According to IMF forecasts, Latvia through next year will remain in the unenviable position as the region's absolute leader in terms of current account deficit levels. Analysts predict now that the Latvian current account deficit will reach 25.3 percent of GDP this year, only to expand further to 27.3 percent in 2008. This is a dramatic rise from spring forecasts, when the IMF expected the current account deficit to hit 23 percent of GDP before narrowing to 22.7 percent in 2008.
Estonia's current account deficit is expected to be 16.9 percent of GDP this year and 15.9 percent next year, while in Lithuania the respective figures are forecast at 14 percent and 12.6 percent.

The IMF expects economic growth in emerging Europe to slow to 5.8 percent this year and to 5.2 percent in 2008, as domestic demand drops due to monetary and fiscal tightening. "Tighter global credit conditions are likely to dampen growth of house prices and household consumption, with knock-off effects for construction and business investment.
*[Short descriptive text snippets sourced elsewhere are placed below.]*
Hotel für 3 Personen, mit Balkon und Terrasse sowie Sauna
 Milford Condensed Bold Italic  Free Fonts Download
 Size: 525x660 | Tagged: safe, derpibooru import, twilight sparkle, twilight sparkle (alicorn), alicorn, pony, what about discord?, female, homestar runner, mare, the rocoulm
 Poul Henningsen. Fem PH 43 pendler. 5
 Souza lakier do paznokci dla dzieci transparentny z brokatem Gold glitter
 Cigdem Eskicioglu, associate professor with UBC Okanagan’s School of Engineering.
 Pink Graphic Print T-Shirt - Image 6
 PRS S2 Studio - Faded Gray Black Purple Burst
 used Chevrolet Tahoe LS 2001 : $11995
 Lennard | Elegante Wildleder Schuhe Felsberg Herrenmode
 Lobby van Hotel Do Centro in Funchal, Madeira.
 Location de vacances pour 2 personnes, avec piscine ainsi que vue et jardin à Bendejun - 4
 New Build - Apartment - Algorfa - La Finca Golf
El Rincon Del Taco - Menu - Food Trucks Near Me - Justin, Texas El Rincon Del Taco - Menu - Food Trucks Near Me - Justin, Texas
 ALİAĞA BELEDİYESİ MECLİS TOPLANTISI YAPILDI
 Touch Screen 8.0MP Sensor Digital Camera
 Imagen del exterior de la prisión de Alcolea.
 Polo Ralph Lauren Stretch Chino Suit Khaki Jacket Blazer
Exports are also likely to slow as a result of weakening external demand from Western Europe and, to a lesser extent, strong currencies and rising wage costs," they say.
"However, the still significant wage differences vis-a-vis Western Europe and strong productivity growth will continue to support the competitiveness," the fund says. "The slowdown of activity is expected to be most pronounced in the Baltics, where some cooling of demand would be welcome," note the IMF analysts. "Rising inflation and wage growth is a problem everywhere in the region," claim Danske bank analysts, and that "The acceleration in inflation on the back of, in particular, higher food and energy prices, could weigh on private consumption."

IMF officials expressed concern that countries with large external imbalances 's the Baltics, Romania and Bulgaria 's may be significantly affected by the increased cost of external financing and higher risk premiums, following recent financial market turbulence.
In the third quarter of 2007, producer prices in Latvia went up 16.7 percent from the third quarter of last year, the central statistics office said. This was split between a surge of 19.4 percent for domestically sold goods and 13.1 percent for export goods.